What to work on: Transcribe exactly each line of the entries, from the opening line to the line with "Kids' Medieval Vintage", with both of those lines included.
─── Record set
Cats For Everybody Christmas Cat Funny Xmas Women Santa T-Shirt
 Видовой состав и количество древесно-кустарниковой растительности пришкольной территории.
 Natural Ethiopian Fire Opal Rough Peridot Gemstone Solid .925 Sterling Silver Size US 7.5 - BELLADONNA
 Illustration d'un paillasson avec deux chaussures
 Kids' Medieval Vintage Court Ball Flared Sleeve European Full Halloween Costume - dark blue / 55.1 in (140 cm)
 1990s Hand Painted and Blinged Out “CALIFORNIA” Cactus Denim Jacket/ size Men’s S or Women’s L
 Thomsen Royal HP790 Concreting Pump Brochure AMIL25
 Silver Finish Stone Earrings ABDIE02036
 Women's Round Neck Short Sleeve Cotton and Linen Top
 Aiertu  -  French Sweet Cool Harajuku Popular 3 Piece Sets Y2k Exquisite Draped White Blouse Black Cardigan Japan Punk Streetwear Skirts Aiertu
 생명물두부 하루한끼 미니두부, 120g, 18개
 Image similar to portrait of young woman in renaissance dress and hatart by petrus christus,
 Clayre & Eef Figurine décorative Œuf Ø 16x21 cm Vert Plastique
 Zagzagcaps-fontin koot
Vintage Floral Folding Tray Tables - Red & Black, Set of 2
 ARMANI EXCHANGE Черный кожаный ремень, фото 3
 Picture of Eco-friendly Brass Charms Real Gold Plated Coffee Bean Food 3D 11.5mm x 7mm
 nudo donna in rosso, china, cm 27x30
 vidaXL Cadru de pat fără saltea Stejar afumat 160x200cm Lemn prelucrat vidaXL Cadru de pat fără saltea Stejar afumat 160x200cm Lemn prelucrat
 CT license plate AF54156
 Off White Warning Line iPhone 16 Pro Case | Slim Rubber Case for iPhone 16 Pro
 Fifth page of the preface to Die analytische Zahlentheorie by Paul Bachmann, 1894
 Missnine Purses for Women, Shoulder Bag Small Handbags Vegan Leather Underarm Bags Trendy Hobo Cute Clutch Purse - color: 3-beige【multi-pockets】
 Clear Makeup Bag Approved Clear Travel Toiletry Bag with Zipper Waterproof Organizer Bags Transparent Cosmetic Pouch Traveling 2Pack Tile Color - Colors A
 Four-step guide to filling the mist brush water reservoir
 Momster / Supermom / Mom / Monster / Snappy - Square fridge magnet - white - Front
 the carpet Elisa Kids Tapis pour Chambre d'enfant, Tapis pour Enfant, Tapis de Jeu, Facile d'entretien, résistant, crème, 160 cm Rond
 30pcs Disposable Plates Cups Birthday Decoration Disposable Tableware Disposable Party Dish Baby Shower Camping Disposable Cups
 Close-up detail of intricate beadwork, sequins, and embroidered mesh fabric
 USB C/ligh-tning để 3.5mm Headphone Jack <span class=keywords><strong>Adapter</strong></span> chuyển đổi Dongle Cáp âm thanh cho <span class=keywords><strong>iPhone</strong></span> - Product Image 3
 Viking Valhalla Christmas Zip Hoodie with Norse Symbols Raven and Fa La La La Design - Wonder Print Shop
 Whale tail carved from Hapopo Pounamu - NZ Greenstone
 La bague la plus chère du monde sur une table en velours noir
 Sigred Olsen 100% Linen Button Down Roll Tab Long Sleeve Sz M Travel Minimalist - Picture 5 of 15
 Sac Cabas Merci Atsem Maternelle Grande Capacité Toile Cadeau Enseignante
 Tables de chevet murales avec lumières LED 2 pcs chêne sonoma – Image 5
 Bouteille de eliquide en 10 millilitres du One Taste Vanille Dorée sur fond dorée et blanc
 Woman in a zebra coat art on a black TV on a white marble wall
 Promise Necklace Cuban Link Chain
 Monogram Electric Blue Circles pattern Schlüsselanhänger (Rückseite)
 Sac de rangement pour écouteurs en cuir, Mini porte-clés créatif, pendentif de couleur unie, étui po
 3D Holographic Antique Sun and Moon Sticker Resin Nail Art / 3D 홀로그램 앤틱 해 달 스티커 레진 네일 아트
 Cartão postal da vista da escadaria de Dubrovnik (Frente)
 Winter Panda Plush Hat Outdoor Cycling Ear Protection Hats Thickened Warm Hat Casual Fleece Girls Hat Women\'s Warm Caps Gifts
──────
Exercise output:
Cats For Everybody Christmas Cat Funny Xmas Women Santa T-Shirt
 Видовой состав и количество древесно-кустарниковой растительности пришкольной территории.
 Natural Ethiopian Fire Opal Rough Peridot Gemstone Solid .925 Sterling Silver Size US 7.5 - BELLADONNA
 Illustration d'un paillasson avec deux chaussures
 Kids' Medieval Vintage Court Ball Flared Sleeve European Full Halloween Costume - dark blue / 55.1 in (140 cm)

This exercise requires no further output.